Rotlicht-Prozess auf der Kippe?
Polizist soll Reifen zerstochen haben. Anwalt fordert Ablösung der Staatsanwältin.
Düsseldorf. Noch hat der Prozess um den Rotlicht-Skandal an der Rethelstraße gar nicht richtig begonnen, da steht er bereits auf der Kippe. Benedikt Pauka, Rechtsanwalt des mutmaßlichen Drahtziehers Thomas M. (48), hat die Ablösung von Staatsanwältin Julia Hartmann beantragt, weil sie denkwürdige Praktiken bei den Ermittlungen nicht verfolgt hat. Über einen weiteren Antrag, die gesamte Kammer um den Vorsitzenden Richter Markus Fuchs wegen Befangenheit abzulehnen, muss noch entschieden werden.
Pauka hatte am ersten Prozesstag bereits anklingen lassen, dass bei den Ermittlungen gegen seinen Mandanten von der Polizei eine Straftat begangen worden sei. Wie die WZ erfuhr, wollten die Fahnder unbedingt eine Wanze in dem Fahrzeug des Besitzers der Bordelle anbringen. An der Rethelstraße ging das aber nicht, weil der Wagen immer im Fokus von Überwachungskameras stand.
Über die Telefonüberwachung hatte die Kripo herausbekommen, dass Thomas M. zu einem Termin in Neuss fahren wollte. Allerdings mit einem anderen Auto. Da entschloss sich die Polizei, an diesem Fahrzeug die Reifen zu zerstechen, damit der 48-Jährige in jedem Fall seinen eigenen Wagen nehmen musste, um die Wanzen in Neuss platzieren zu können.
Es wurde nun ein Ermittlungsverfahren gegen den Polizeibeamten wegen Sachbeschädigung eingeleitet. Das allerdings soll Julia Hartmann wegen Geringfügigkeit eingestellt haben. Pauka hält das für eine schwere Verfehlung.
Neu beginnen müsste das Verfahren auch, wenn die gesamte Kammer wegen Befangenheit abgelehnt wird. Dem Rechtsanwalt von Reno W. (28) aus Chemnitz war die Anklageschrift mit erheblicher Verspätung zugeschickt worden, weil man ihn offenbar „vergessen“ hatte. Der Jurist hatte daraufhin beantragt, den Beginn des Prozesses um drei Wochen zu verschieben, was Markus Fuchs abgelehnt hatte. Darüber muss eine andere Kammer des Landgerichtes entscheiden, die das wegen Überlastung nicht vor Montag schaffen wird.
So wurde auch am Dienstag die Anklage gegen die neun Beschuldigten nicht verlesen, aber immerhin konnten die Personalien festgestellt werden.

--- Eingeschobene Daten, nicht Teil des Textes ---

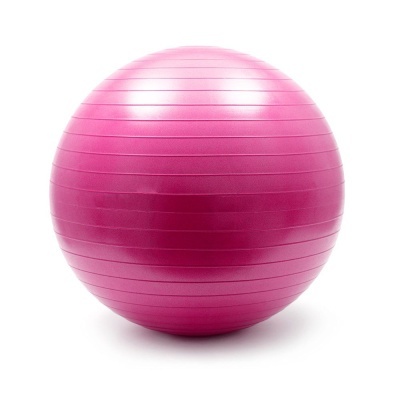 Bola de exercício rosa com textura de anéis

Ein Thema war außerdem die Versorgung der drei Inhaftierten Thomas M., Monder T. und Oguz G., die wegen der langen Verhandlungstage in der Justizvollzugsanstalt kein Abendessen mehr bekommen. Das wird nämlich um 17 Uhr ausgegeben, zusammen mit dem Frühstück. Die Kammer will nun überlegen, ob die Angeklagten mit Essen aus der Gerichtskantine versorgt werden können. Montag wird weiterverhandelt.